- Born: Antonio Tavira y Almazán 30 September 1737 Iznatoraf (Jaén), Spain
- Died: 7 January 1807 (aged 69) Salamanca, Spain

Seat A of the Real Academia Española
- In office 23 November 1775 – 7 January 1807
- Preceded by: José Abreu Bertodano
- Succeeded by: Eugenio de la Peña

= Antonio Tavira y Almazán =

Antonio Tavira y Almazán, (Iznatoraf, Jaén, 30 September 1737 - Salamanca, 7 January 1807). A member of the Royal Spanish Academy from 1775 to 1807. Famous archeologist who found visigothic remains, near Cabezo del Griego, described since then as Segobriga. He had some clashes with the Spanish Inquisition, related to the regalist wishes of King Carlos IV of Spain to give to the bishop's jurisdiction on the annulment of marriages, he was also the Honorary Chaplain of King Charles III of Spain since 1772, aged 36. A Knight and a Prior of the Military Order of Santiago in Uclés, province of Cuenca, (1788–1789), Bishop of Canarias, (1791–1796), Bishop of Osma, (1796–1798), Bishop of Salamanca, (1798–1807).

He was a very close friend of Minister Gaspar Melchor de Jovellanos, suspicious of the Spanish Inquisitors at the end of the 18th century whom he suspected of incompetence and connivence with the French regalist, "constitutionalist" and "bonapartist" Bishop Henry Grégoire, Abbé Grégoire, (Vého, (Trois-Évêchés), near Lunéville, France, 4 December 1750 - Paris, 20 May 1831).

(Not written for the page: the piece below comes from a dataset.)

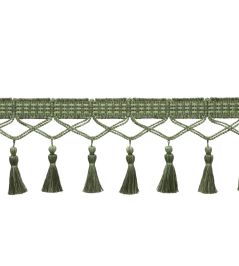 Ilana Tassel Fringe Trimming by Samuel & Sons Evergreen Ilana Tassel Fringe Trimming by Samuel & Sons Evergreen
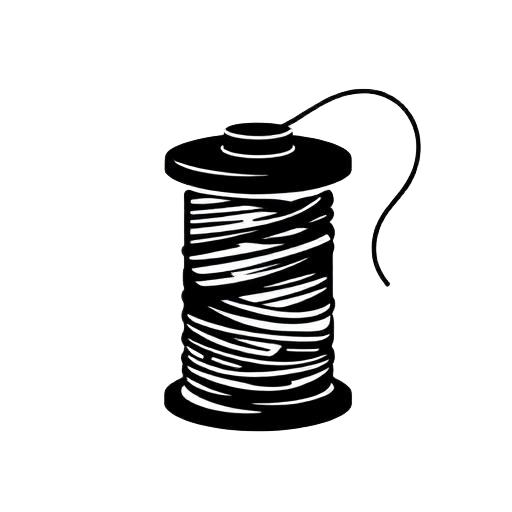 Thread — Brutalist black line icon of an upright thread spool wound with thread, used to mark trims, thread and finishing options in FashionOS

He was ordained a bishop of Salamanca, (perhaps), Catholic Bishop of Maximionopolis, Palestine, by the Scottish Priest Alexander Cameron, ( Braemar, Aberdeenshire, 28 July 1747 - Bishop of Maximionopolis, Palestine by Tavira 28 October 1798- Vicar Apostolic of Lowland District, around Edinburgh, Scotland, Great Britain, 24 August 1805 - 20 August 1825 Retired - died 7 February 1828, aged 80).